Hoewel de tamtam rond de publicatie van het boek anders doet vermoeden, is Nederland niet erg prominent aanwezig in het verhaal. De Hollandse meesters spelen uiteraard een rol en Amsterdam is de plaats van handeling aan het eind van het verhaal, maar dan voornamelijk bezien vanuit de binnenkant van een hotelkamer. Veel nadrukkelijker beschreven zijn de parken en straten van New York en het schallende, benevelde leven in Las Vegas. Op deze plekken groeit Theo Decker op en wordt zijn wrange wereldbeeld gevormd.

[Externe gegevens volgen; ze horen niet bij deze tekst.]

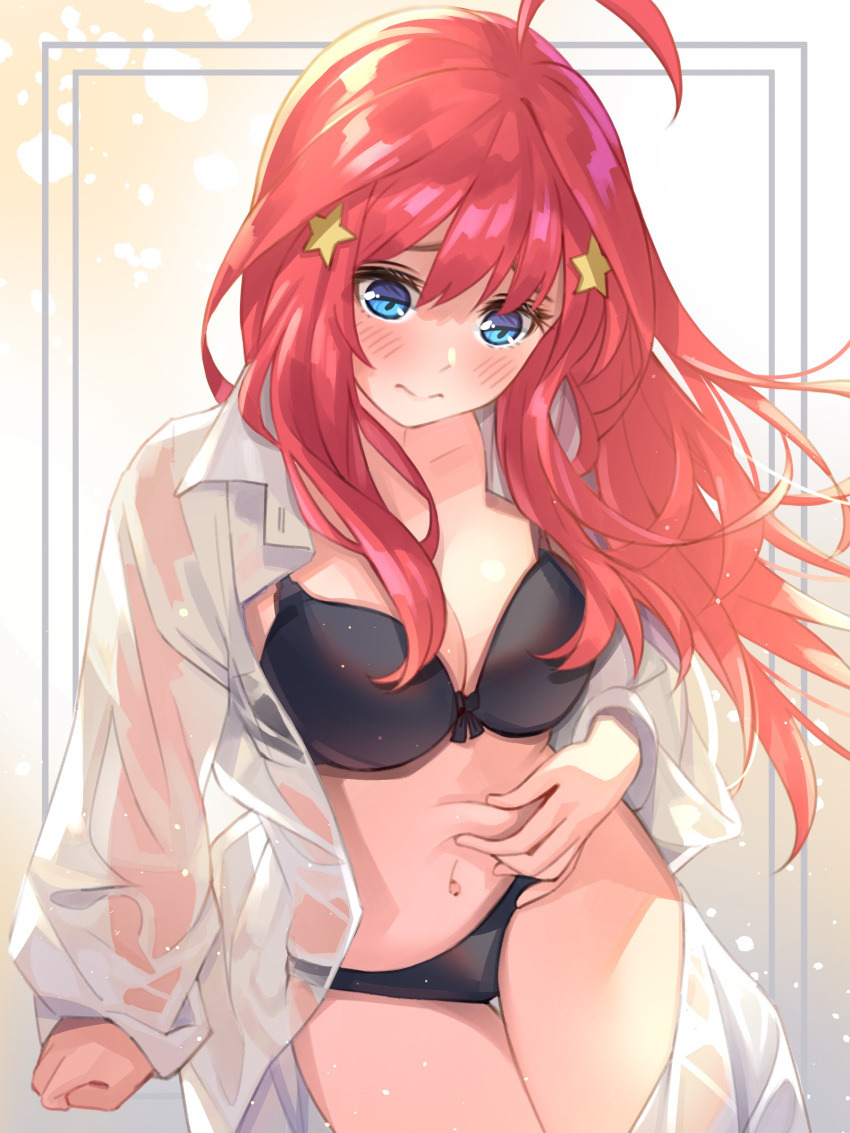 1girls absurdres belly bikini black_bikini black_bra black_panties blue_eyes bra breasts go-toubun_no_hanayome highres light-skinned_female light_skin nakano_itsuki panties red_hair solo swimsuit tagme to_gemichi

Het puttertje is een erg ‘volle’ roman. Tartt heeft, net als in haar vorige twee boeken, opnieuw elementen van de thriller gebruikt, die deze keer uitmonden in een wat overtrokken apotheose. Er staan bespiegelingen in over kunst, over geschiedenis en levensbeschouwing, filosofie, ethiek. De grote thema’s zijn aanwezig, liefst in tegengestelde samenstellingen (tussen neus en lippen door voorzien van verwijzingen naar bijvoorbeeld Nietzsche, Nabokov of Thoreau): goed en kwaad, hoge en lage cultuur, haat en liefde, trouw en verraad, fatalisme en veiligheid, chaos en structuur. Er klinkt ook duidelijke maatschappijkritiek tussen de regels door, met name gericht op de falende jeugdzorg en drugsproblematiek. Heel vaak wordt er verwezen naar andere literatuur, films, muziek of beeldende kunst (canon en populair).
Ontelbare sfeerbeelden worden gedetailleerd uitgeschreven, wat prachtige, intrigerende scènes oplevert maar nu en dan ook onnodig vertraagt. De personages blijven wat vlak en worden eerder geobserveerd dan uitgediept, maar de manier waarop Tartt ze portretteert biedt toch ruimte aan een flink aantal interessante karakters. De prettige, iets onpersoonlijke verteltoon wordt afgewisseld met snelle, soms bijna in staccato uitgewerkte en dan weer breed uitgesponnen dialogen, innerlijke monologen, verschillende sociolecten, cynische onderbrekingen, vele tempowisselingen en expliciete ruimtebeschrijvingen. Tartt excelleert in stilistisch opzicht: ze schrijft dijken van zinnen. Het is ontegenzeggelijk een kunst om een boek als Het puttertje te construeren. En het kan een feest zijn voor de doorzetter om alle kunstgrepen te ontdekken en er betekenis aan te geven.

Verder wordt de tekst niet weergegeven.